An attacker already has access to the entire ciphertext packet. Upon retrieving the entire plaintext of the same packet, the attacker has access to the keystream of the packet, as well as the MIC code of the session. Using this information the attacker can construct a new packet and transmit it on the network. To circumvent the WPA implemented replay protection, the attacks use QoS channels to transmit these newly constructed packets. An attacker able to transmit these packets may be able to implement any number of attacks, including ARP poisoning attacks, denial of service, and other similar attacks, with no need of being associated with the network.

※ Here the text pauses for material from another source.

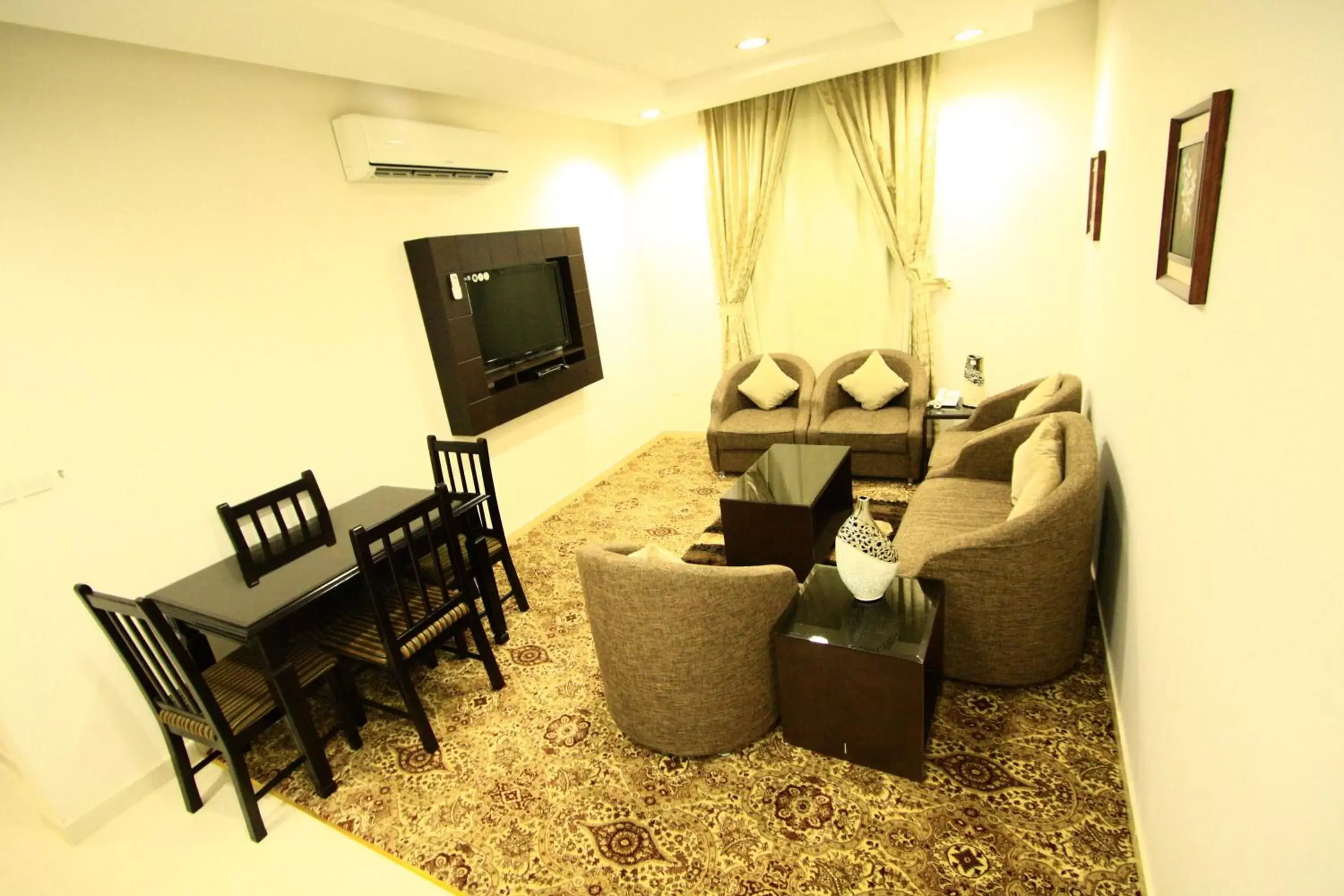 Living room, Seating Area in Rest Night Hotel Suites- - AL Nafal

===Royal Holloway attack===

A group of security researchers at the Information Security Group at Royal Holloway, University of London reported a theoretical attack on TKIP which exploits the underlying RC4 encryption mechanism. TKIP uses a similar key structure to WEP with the low 16-bit value of a sequence counter (used to prevent replay attacks) being expanded into the 24-bit "IV", and this sequence counter always increments on every new packet. An attacker can use this key structure to improve existing attacks on RC4. In particular, if the same data is encrypted multiple times, an attacker can learn this information from only 2^{24} connections. While they claim that this attack is on the verge of practicality, only simulations were performed, and the attack has not been demonstrated in practice.

===NOMORE attack===

In 2015, security researchers from KU Leuven presented new attacks against RC4 in both TLS and WPA-TKIP. Dubbed the Numerous Occurrence MOnitoring & Recovery Exploit (NOMORE) attack, it is the first attack of its kind that was demonstrated in practice. The attack against WPA-TKIP can be completed within an hour, and allows an attacker to decrypt and inject arbitrary packets.

== Legacy ==
ZDNet reported on June 18, 2010, that WEP & TKIP would soon be disallowed on Wi-Fi devices by the Wi-Fi alliance.
However, a survey in 2013 showed that it was still in widespread use.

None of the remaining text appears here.